T-statistic: 22.577954844135466, P-value: 3.1089373891812632e-09
Reject the null hypothesis: There is a statistically significant difference.


# Method 2

## Hypotheses

- **Null Hypothesis $H_0$**: There is no difference in the mean blood pressure before and after treatment: $ \mu_{\text{before}} = \mu_{\text{after}} $
- **Alternative Hypothesis $H_a$**: There is a significant difference in the mean blood pressure before and after treatment: $ \mu_{\text{before}} \neq \mu_{\text{after}} $

---

## Calculations

### 1. Sample Mean of Differences
The sample mean $\bar{d}$ is calculated as: $ \bar{d} = \frac{1}{n} \sum_{i=1}^n d_i $

Where:
- $ n $: Number of samples
- $ d_i $: Difference for the $ i $-th patient ($ d_i = \text{before}_i - \text{after}_i $)


In [7]:
# calculate the differences
difference = list(map(lambda i: after[i] - before[i], range(len(patients))))
print("Differences (d):", difference)


Differences (d): [-8, -7, -6, -7, -5, -8, -7, -7, -8, -8]

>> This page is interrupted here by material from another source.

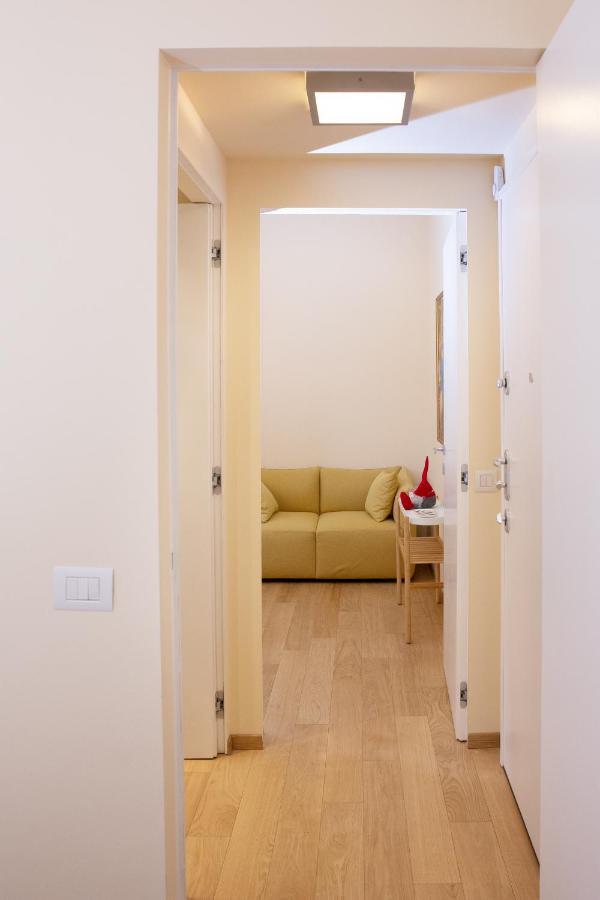 Botero Luxury Apartment Vicino Arco Della Pace Mediolan Zewnętrze zdjęcie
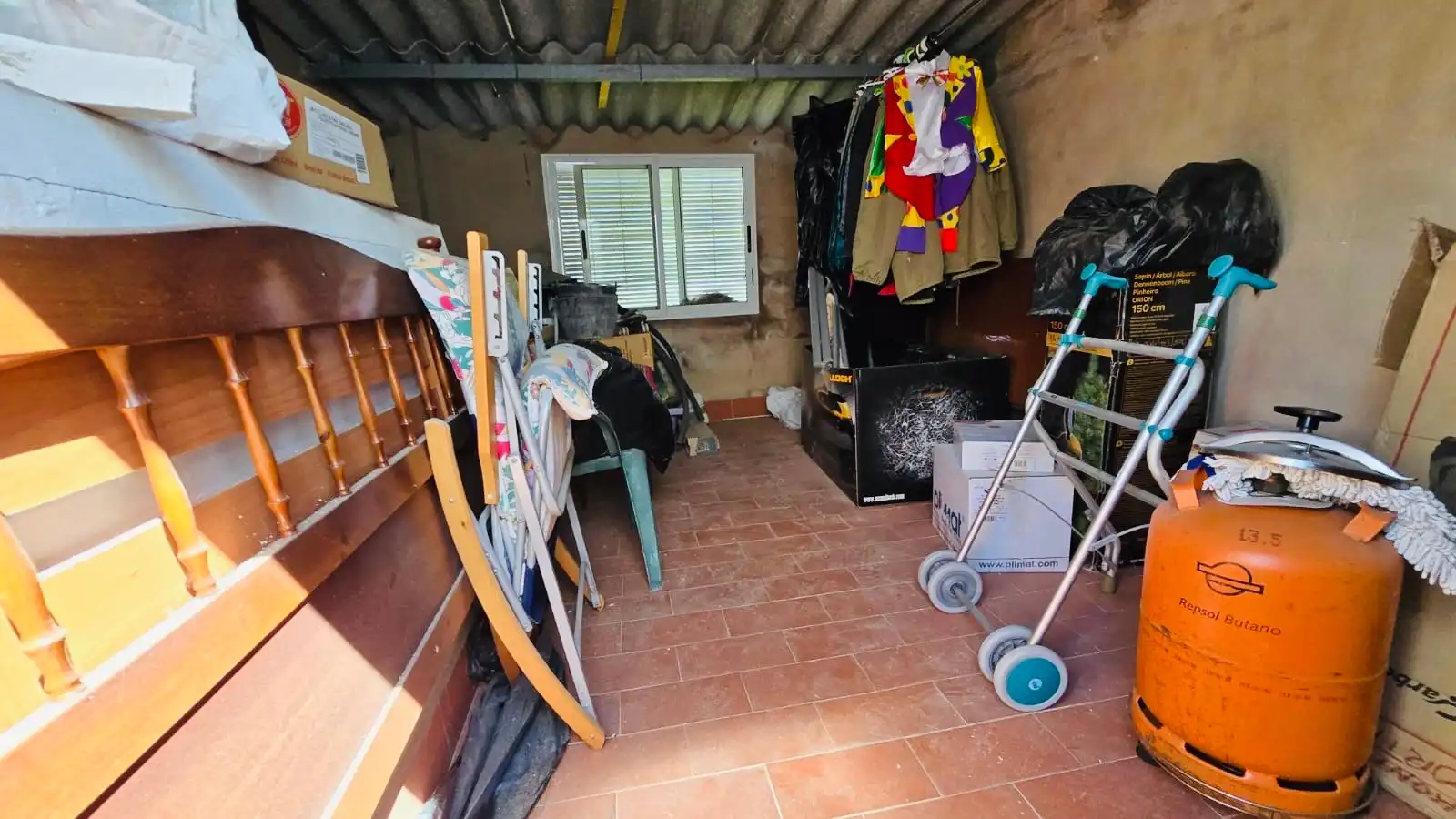 Casa a schiera in vendita a Oliva pueblo, imagen 6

| Patient | Before (mmHg) | After (mmHg) | Difference (d) |
|---------|---------------|--------------|----------------|
| 1       | 140           | 132          | -8             |
| 2       | 145           | 138          | -7             |
| 3       | 155           | 149          | -6             |
| 4       | 160           | 153          | -7             |
| 5       | 150           | 145          | -5             |
| 6       | 148           | 140          | -8             |
| 7       | 153           | 146          | -7             |
| 8       | 165           | 158          | -7             |
| 9       | 149           | 141          | -8             |
| 10      | 155           | 147          | -8             |


### 2. Sample Standard Deviation of Differences
The sample standard deviation $ s_d = \sqrt{\frac{1}{n-1} \sum_{i=1}^n (d_i - \bar{d})^2} $

Where:
- $ \bar{d} $: Sample mean of differences
- $ d_i $: Individual differences
- $ n $: Number of samples

In [10]:
d_bar = sum(difference) / len(patients) 
d_bar

-7.1

### 3. Test Statistic
The test statistic t for a paired t-test is calculated as: $ t = \frac{\bar{d}}{s_d / \sqrt{n}} $

Where:
- $ \bar{d} $: Sample mean of differences
- $ s_d $: Sample standard deviation of differences
- $ n $: Number of samples


In [12]:
import math
n = len(patients)
squared_diffs = [(d - d_bar) ** 2 for d in difference]
print('squared_diffs: ' + str(squared_diffs))
s_d = math.sqrt(sum(squared_diffs) / (n - 1))
s_d
# Bessel's correction 
# n-1 corrects for bias in the estimation of the population variance and ensures an unbiased estimate when working with a sample
print('\n s_d: ' + str(s_d))

t = d_bar / (s_d / math.sqrt(len(patients)))
t

squared_diffs: [0.8100000000000006, 0.009999999999999929, 1.2099999999999993, 0.009999999999999929, 4.409999999999998, 0.8100000000000006, 0.009999999999999929, 0.009999999999999929, 0.8100000000000006, 0.8100000000000006]

 s_d: 0.9944289260117531


-22.57795484413547

## Significance Test

Compare the computed $ t $-statistic to the critical value from the $ t $-distribution table or use the $ p $-value approach:
- If $ p < \alpha $, reject $H_0$
- If $ p \geq \alpha $, fail to reject $H_0$

---


## Conclusion
- Based on the result of the paired sample t-test, p-value is much smaller than 0.05. Thus, we can reject null hypothesis. 
- The reduction in blood pressure is statistically significant.
- Therefore, we conclude that the treatment had a measurable effect on reducing blood pressure.